[Opening DATASET EXTRACT section]

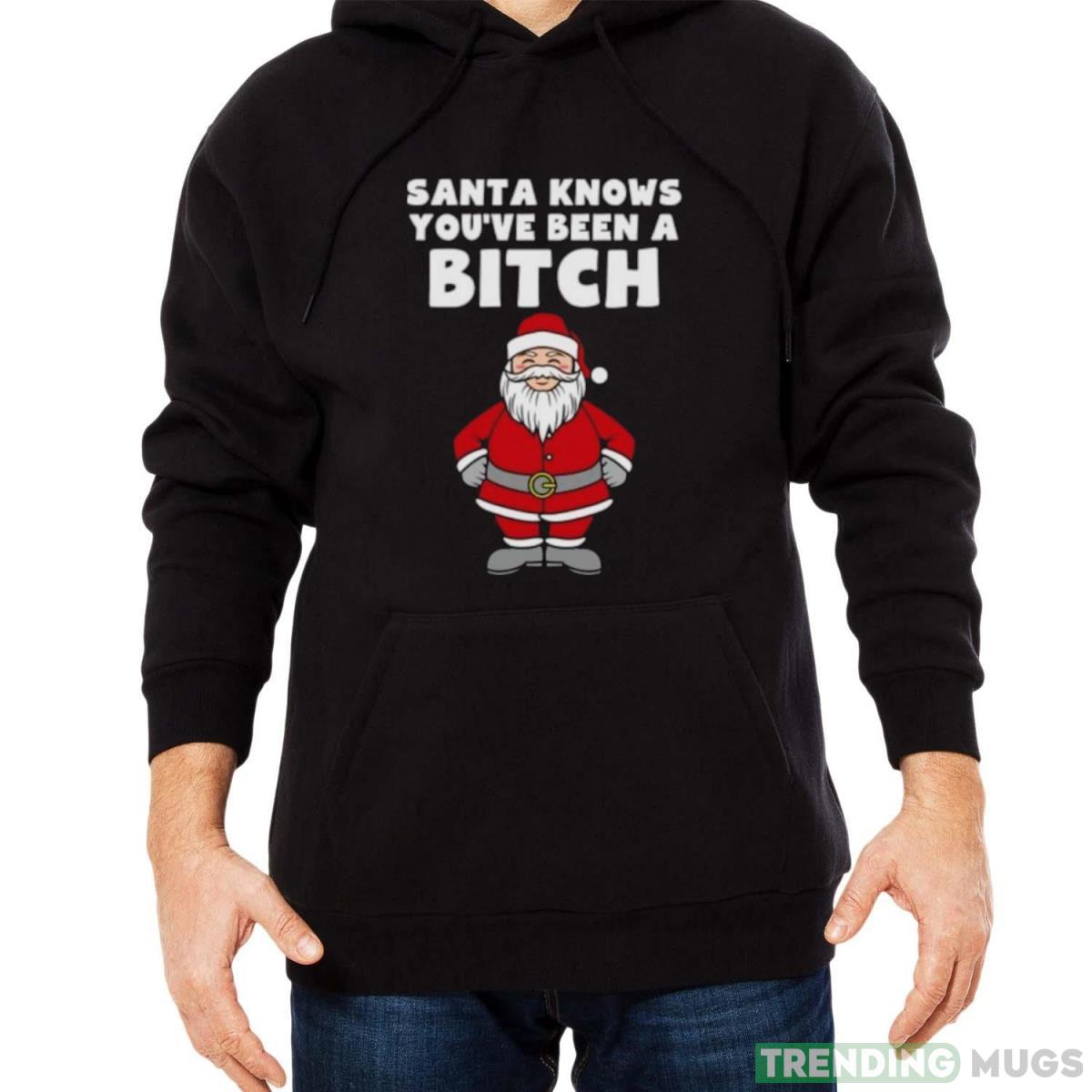 Santa knows you’ve been a bitch shirt Dark Shirt Santa knows you’ve been a bitch shirt Dark Shirt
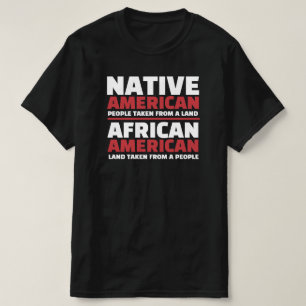 Native Americans and African Americans T-Shirt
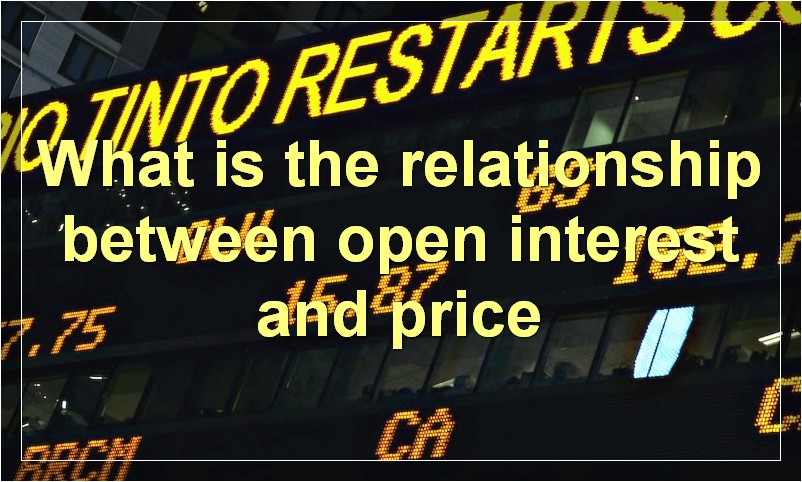 What is the relationship between open interest and price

[Closing DATASET EXTRACT section]

> [TASK ITEM]
Would you restate word for word only the lines from the one containing "Native Americans and" to the final line of the material, both ends included, without any pictures?

> [OUTPUT FOR THIS EXERCISE]
 Native Americans and African Americans T-Shirt
 What is the relationship between open interest and price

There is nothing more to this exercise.